Author's Note

Hi there. This is where I'm going to be posting my writing, or at least the things that don't belong on my blog.

Here's the breakdown: The blog is (and always has been) non-fiction: true stories, personal asides, and musings about my life, my activities, or my ideas. In short: The blog = me.

On the other hand, this site, if all goes according to plan, will be where I post the rest of it -- i.e. fiction. Or things that are mostly fiction. Or partly fiction. Or things that might not be entirely fictional. You know, the things that I need to get out of my head by writing down, and will then pretend that they're fiction
, regardless of the degree of truth.

So, assume that nothing here is real. If you think it is, best keep that to yourself. (And if you think it's about you, well, just remember what Carly Simon said.)

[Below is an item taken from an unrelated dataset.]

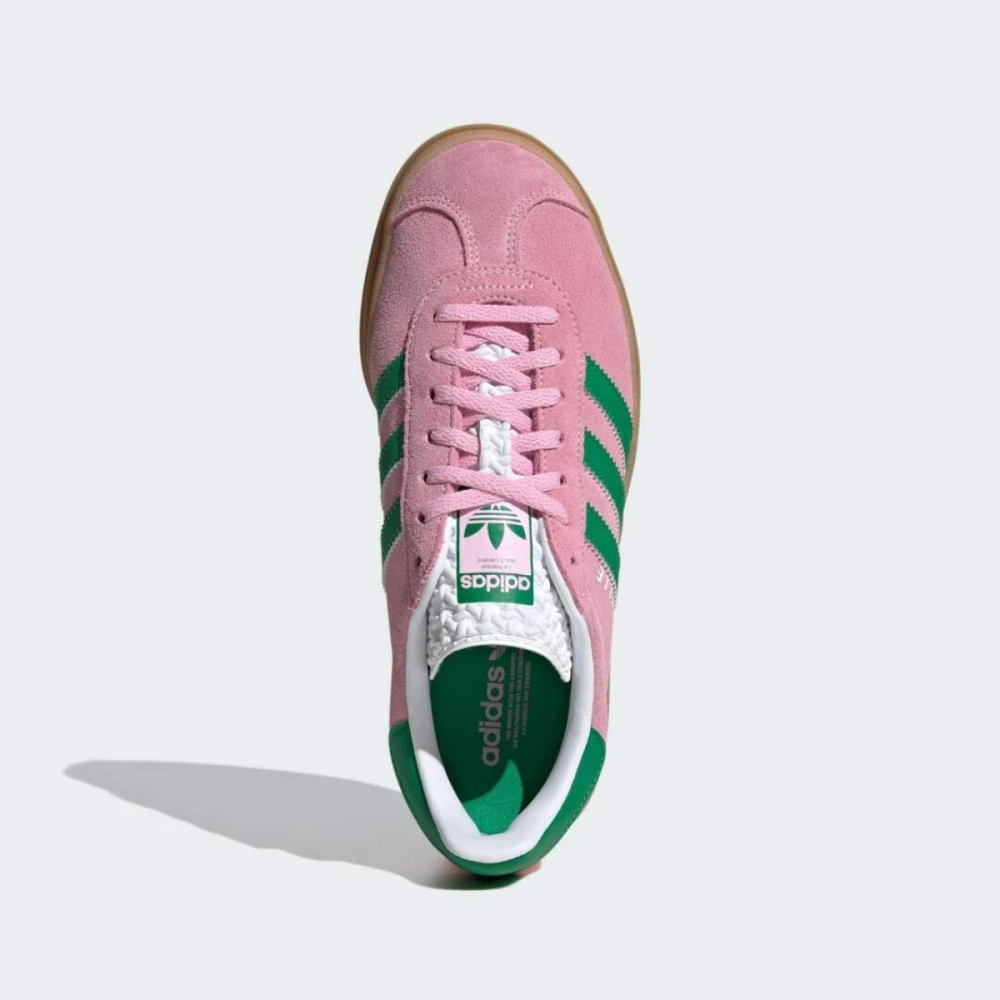 ADIDAS Γυναικεία Παπούτσια Gazzelle Indoor IE0420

And now, on with the show.

Saturday, July 17, 2010

Dear Narcissus

You keep saying you love me. Tell yourself that if it makes you sleep better at night. I know the truth.

You don't love me; you don't even know me. You love it when I do and say the things you like. You love it when I provide a sounding board for your thoughts, your ideas, your philosophies. But you get frustrated when I don't do those things. I am neither a puppet nor an echo chamber. If you loved me, you'd like it when I disagreed with you or did something unexpected. But you don't and that's why this is not love.

If it was love, I'd feel better about the sacrifices I've made for you -- if it was love, they wouldn't feel so much like sacrifices. If it was love, I'd feel supported, not suppressed. If it was love, I'd feel like we were partners or equals. If it was love, it wouldn't feel so much like a one-way street.

If it was love, I'd be searching for a reason to stay and not looking for a reason to leave.

So I repeat: You keep saying you love me. But it's not love.

What you love is the way I make you feel. What you love is the reflection of yourself that you see in my eyes. That's not love -- that's narcissism.

If it was love, you'd let me go.

Friday, July 2, 2010

Little Lies

He grabbed one of my braids in his hand. "With your hair like this," he said, "You look like Pocahontas. Especially since you're so tan."

"Well you know," I retorted, "The Jews and the Native Americans are very close. Practically cousins."

He looked at me quizzically. "Really?"

"No. Not even close. Did you really think I was serious?" I laughed. "Just about the only thing they have in common is that they both tend to vote Democrat."

He pulled me closer. "I would have believed you. I believe most things you say."

"You shouldn't. It's all bullshit. Most everything people say is utter bullshit. And lawyers? We're professional bullshit artists."

"Not you." He touched my face. "Your face is so honest. I trust you."

At that moment, I almost warned him. "Don't believe me, not a word. Nothing I say is true. It's all a lie. Run away before you get hurt." But I kept my mouth shut.

Sometimes silence is the only truth.